We have been testing out some 240GB Micron M500DC SSDs with DRBD® 9 and DRBD’s RDMA Transport layer. Micron, based in Boise Idaho, is a leader in NAND, flash production and storage. We found that that their M500DC SSD’s are write optimized for data center use cases and in some cases exceeded the expected performance.
For those who are just joining us, leveraging RDMA as a transport protocol is relatively new to DRBD and is only possible with DRBD 9. You can find some background on RDMA and how DRBD benefits from it in one of our past blog posts, “What is RDMA, and why should we care?”. Also, check out our technical guide on benchmarking DRBD 9 on Ultrastar SN150 NVMe SSDs if you are interested in seeing some of the numbers we were able to achieve with DRBD 9.0.1-1 and RDMA on very fast storage.
Back to the matter at hand.
In our test environment we used two 240GB Micron M500DC SSDs in RAID0 in each of our two nodes. We connected the two peers using Infiniband ConnectX-4 10Gbe. We then ran a series of tests to compare the performance of DRBD disconnected (not-replicating), DRBD connected using TCP over Infiniband, and DRBD connected using RDMA over Infiniband, all against the performance of the backing disks without DRBD.
For testing random read/write IOPs we used fio with 4K blocksize and 16 parallel jobs. For testing sequential writes we used dd with 4M blocks. Both tests used the appropriate flag for direct IO in order to remove any caching that might skew the results.
We also levereaged DRBD’s “when-congested-remote” read-balancing option to pull read’s from the peer if the IO subsystem is congested on the Primary node. We will see that this produces dramatic increases to performance of our random reads; especially when combined with RDMA’s extremely low latency.

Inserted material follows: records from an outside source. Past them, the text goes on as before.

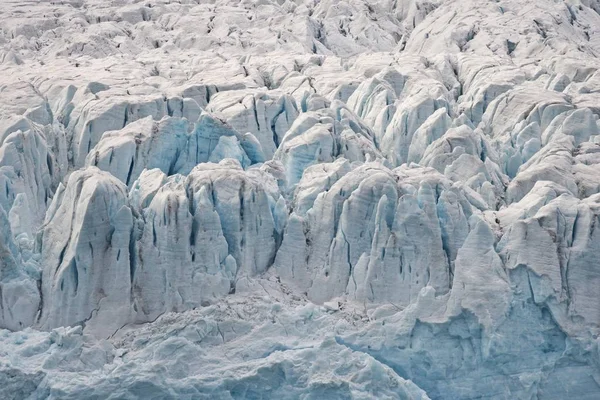 Scarpette Glaciali Ghiacciaio Monacobreen Fiordo Liefdefjorden Spitsbergen Isole Svalbard Svalbard — Foto Stock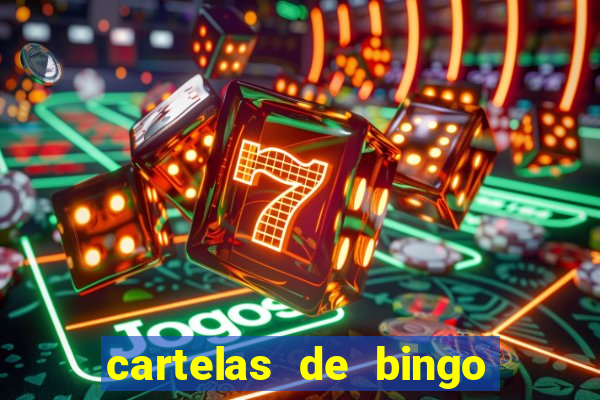 cartelas de bingo para chá de bebê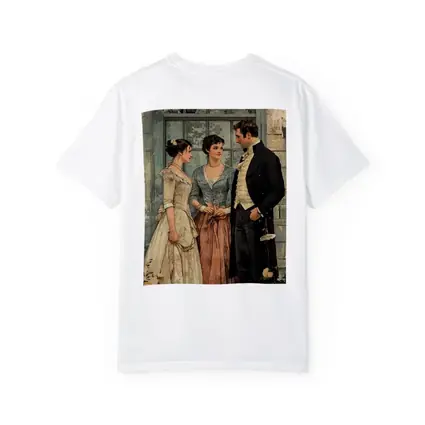 Regency Era Couple Vintage Illustration Art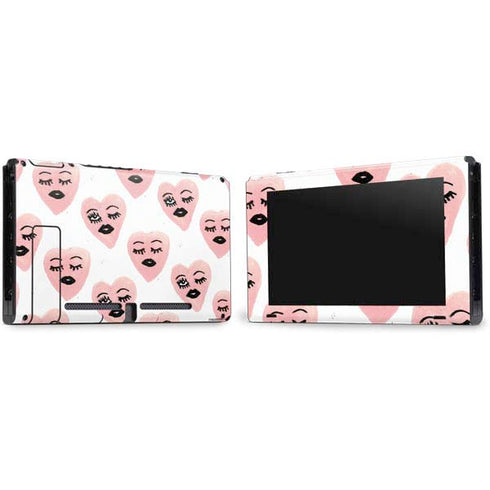 Bouffants and Broken Hearts Winking Hearts Nintendo Switch Bundle Skin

Here are the results from our Random Read/Write IOPs testing:
As you can see from the numbers and graphs we achieve huge gains in read performance when using DRBD with read-balancing; roughly a 26% increase when using TCP and 62% with RDMA.
We also see that using the RDMA transport protocol results in less than 1% of overhead when synchronously replicating the writes to our DRBD device; that’s pretty sweet. 🙂
Sequential reads cannot benefit from DRBD’s read-balancing at all, and large sequential writes are going to be heavily segmented by the TCP stack, so our numbers for sequential writes better represent the impact a transport protocol has on synchronous replication.
Here are the results from our Sequential Write testing:
Looking at the graph it’s easy to see that RDMA is the transport mode of choice if your IO patterns are sequential. With TCP we see ~19.1% overhead, while RDMA results in ~1.1% overhead.